§ Required action
Copy the entries below exactly; any picture among them should be left out.

Caption-style text data
=== Section Start ===
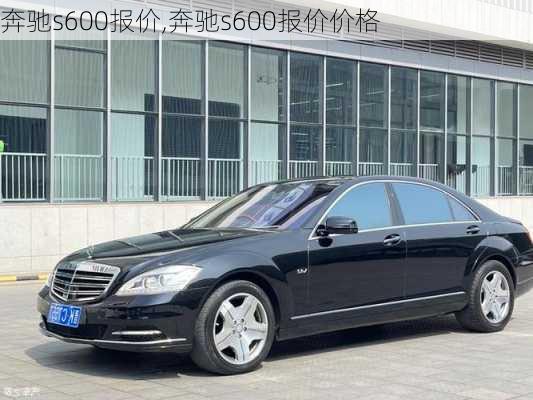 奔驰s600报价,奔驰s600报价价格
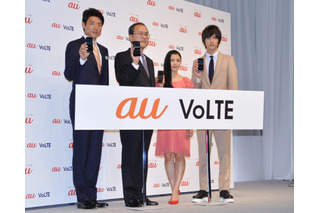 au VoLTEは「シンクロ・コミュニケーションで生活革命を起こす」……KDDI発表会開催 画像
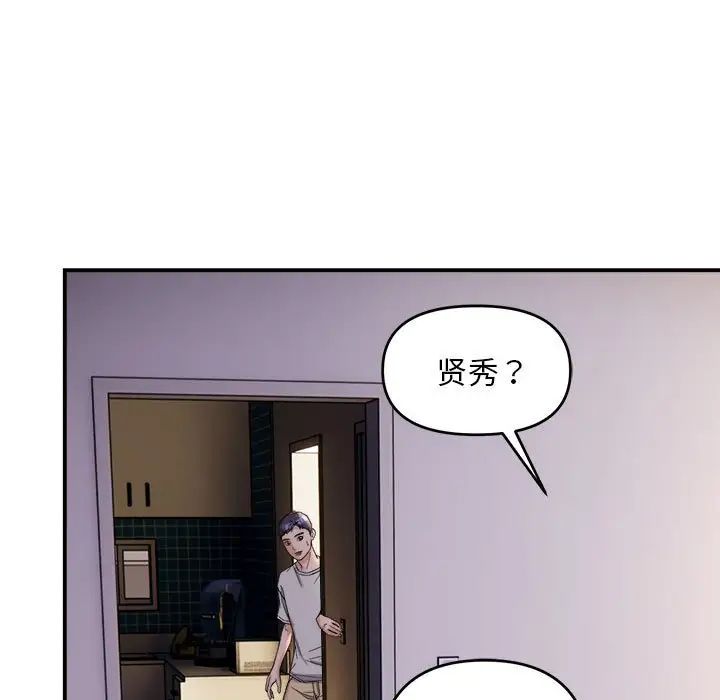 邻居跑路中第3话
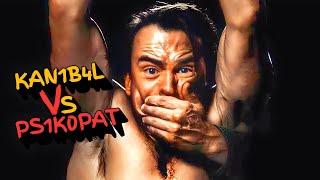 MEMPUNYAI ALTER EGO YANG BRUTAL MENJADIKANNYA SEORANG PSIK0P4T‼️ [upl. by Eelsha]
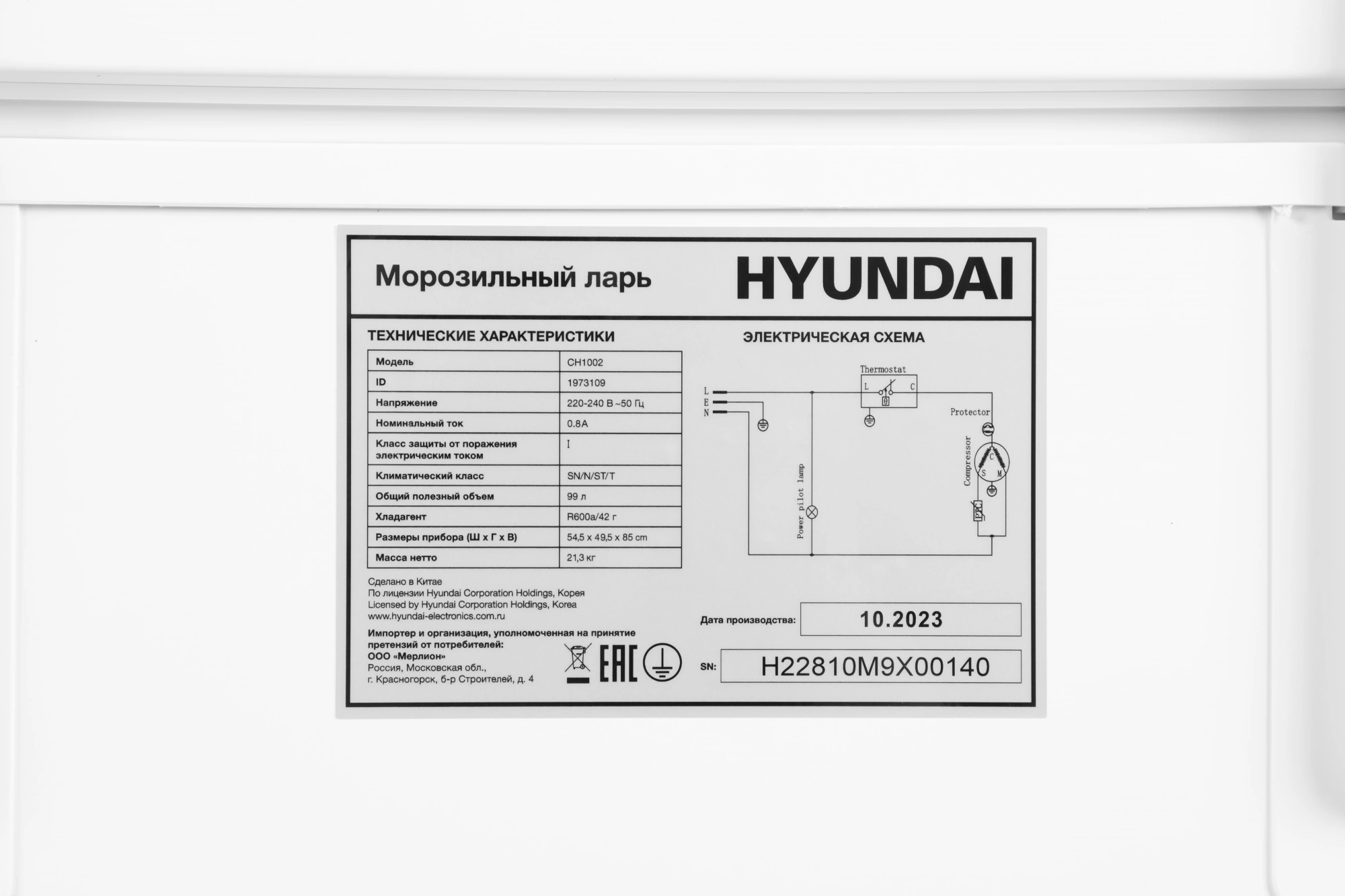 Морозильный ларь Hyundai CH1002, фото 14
=== Section End ===
§ Result
 奔驰s600报价,奔驰s600报价价格
 au VoLTEは「シンクロ・コミュニケーションで生活革命を起こす」……KDDI発表会開催 画像
 邻居跑路中第3话
 MEMPUNYAI ALTER EGO YANG BRUTAL MENJADIKANNYA SEORANG PSIK0P4T‼️ [upl. by Eelsha]
 Морозильный ларь Hyundai CH1002, фото 14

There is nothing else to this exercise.